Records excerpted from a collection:
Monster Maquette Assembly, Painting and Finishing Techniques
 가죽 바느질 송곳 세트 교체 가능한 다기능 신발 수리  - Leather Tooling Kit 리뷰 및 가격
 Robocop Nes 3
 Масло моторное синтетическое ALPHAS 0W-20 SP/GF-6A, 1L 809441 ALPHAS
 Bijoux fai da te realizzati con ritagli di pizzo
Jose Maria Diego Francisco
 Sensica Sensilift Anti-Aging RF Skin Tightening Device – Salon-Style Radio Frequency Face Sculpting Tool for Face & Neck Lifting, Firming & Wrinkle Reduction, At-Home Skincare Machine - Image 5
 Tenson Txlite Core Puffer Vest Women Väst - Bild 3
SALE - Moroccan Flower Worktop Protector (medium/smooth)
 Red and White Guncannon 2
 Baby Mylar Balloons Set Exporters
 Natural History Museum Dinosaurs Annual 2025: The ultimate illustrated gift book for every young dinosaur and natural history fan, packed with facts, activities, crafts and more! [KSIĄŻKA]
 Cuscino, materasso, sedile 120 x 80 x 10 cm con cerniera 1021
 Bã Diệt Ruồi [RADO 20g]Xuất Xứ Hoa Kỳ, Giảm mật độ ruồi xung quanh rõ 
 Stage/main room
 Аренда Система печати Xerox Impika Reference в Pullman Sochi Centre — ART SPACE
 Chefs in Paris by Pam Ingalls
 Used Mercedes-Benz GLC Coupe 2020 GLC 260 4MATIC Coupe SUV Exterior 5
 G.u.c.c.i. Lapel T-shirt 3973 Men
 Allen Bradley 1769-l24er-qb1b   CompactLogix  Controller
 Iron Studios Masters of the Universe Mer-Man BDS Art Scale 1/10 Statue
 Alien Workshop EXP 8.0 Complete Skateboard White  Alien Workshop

■ **Work to be completed**
Starting from the line that contains "Tenson Txlite Core", reproduce each line of the data exactly through the last one.

■ **Written solution**
 Tenson Txlite Core Puffer Vest Women Väst - Bild 3
SALE - Moroccan Flower Worktop Protector (medium/smooth)
 Red and White Guncannon 2
 Baby Mylar Balloons Set Exporters
 Natural History Museum Dinosaurs Annual 2025: The ultimate illustrated gift book for every young dinosaur and natural history fan, packed with facts, activities, crafts and more! [KSIĄŻKA]
 Cuscino, materasso, sedile 120 x 80 x 10 cm con cerniera 1021
 Bã Diệt Ruồi [RADO 20g]Xuất Xứ Hoa Kỳ, Giảm mật độ ruồi xung quanh rõ 
 Stage/main room
 Аренда Система печати Xerox Impika Reference в Pullman Sochi Centre — ART SPACE
 Chefs in Paris by Pam Ingalls
 Used Mercedes-Benz GLC Coupe 2020 GLC 260 4MATIC Coupe SUV Exterior 5
 G.u.c.c.i. Lapel T-shirt 3973 Men
 Allen Bradley 1769-l24er-qb1b   CompactLogix  Controller
 Iron Studios Masters of the Universe Mer-Man BDS Art Scale 1/10 Statue
 Alien Workshop EXP 8.0 Complete Skateboard White  Alien Workshop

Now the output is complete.